The conditions of particular work programmes may restrict the participation in Horizon 2020, or parts thereof, of legal entities established in third countries where conditions for the participation of legal entities from Member States, or of their affiliated entities established in a third country, in the third country's research and innovation programmes are considered to be prejudicial to the European Union's interests (Article 7.2 of the Horizon 2020 Rules for Participation).
Furthermore, some calls for proposals could require participation of legal entities established in third countries in order to be eligible.
Yes. In fact, wherever their location (EU and countries associated to Horizon 2020, or third countries), beneficiaries which become involved in a Horizon 2020 project will have to sign the grant agreement with the European Commission. Consequently, these beneficiaries will have the rights and obligations set forth in the grant agreement, in particular with regard to background and project results.
Furthermore, neither the Horizon 2020 Rules for Participation nor the model grant agreement make any distinction between project beneficiaries based on the country they are located in.
However, a distinction is sometimes made between beneficiaries which receive EU funding and beneficiaries which do not, regardless of their location. Indeed, a small number of obligations contained in the model grant agreement will not apply to beneficiaries which do not receive EU funding. For more information, please refer to the FAQ on this topic.
Several obligations of the model general grant agreement will not apply to beneficiaries which do not receive EU funding. Regarding intellectual property, this concerns in particular articles 26.4, 28.1, 28.2, 30.3 and 31.5, which will not apply to these beneficiaries.
These articles are specific ones which are mostly linked to the EU’s rights over the results – however, the general principles in terms of intellectual property will remain applicable to beneficiaries which do not receive EU funding.

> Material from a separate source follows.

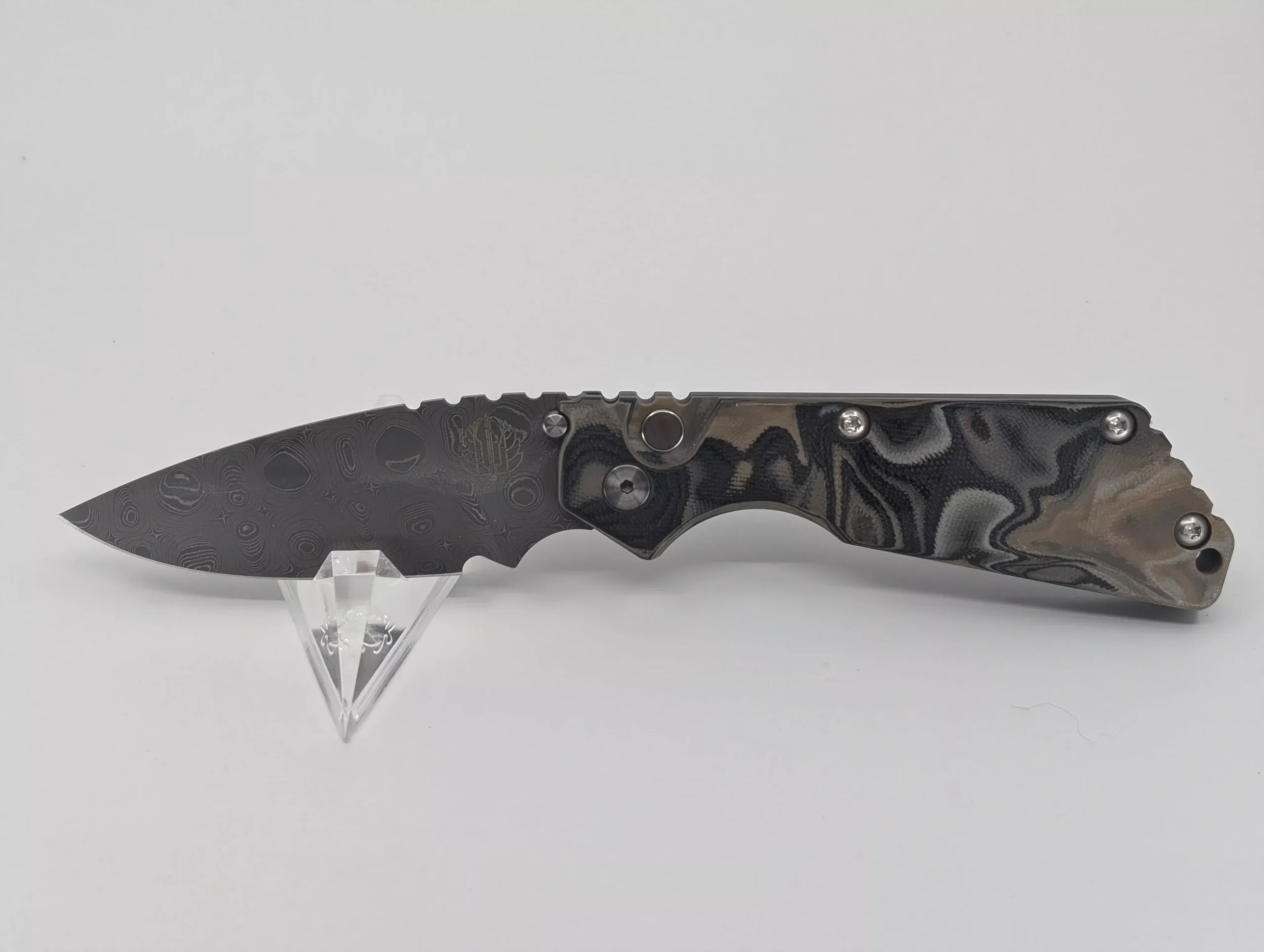 Protech Strider SnG Camo G10 Pearl Button “Virus” Stainless Damascus Auto Folding Knife 17 of 50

Consequently, the following basic IP rules (as included in the model grant agreement) will apply without any distinction to all project partners, regardless of their benefiting from EU funding or not.
- Article 25, which foresees access rights to background for implementation and/or exploitation purposes;
- Article 26.1, according to which the results will be the property of the beneficiary which generates them;
- Article 26.2, which foresees a default regime applicable to situations of joint ownership;
- Article 29, which foresees the dissemination of results and open access to scientific publications and research data;
- Article 31, according to which beneficiaries have to grant access rights to their results to other beneficiaries when they need such access rights to implement the project and/or to exploit their own results.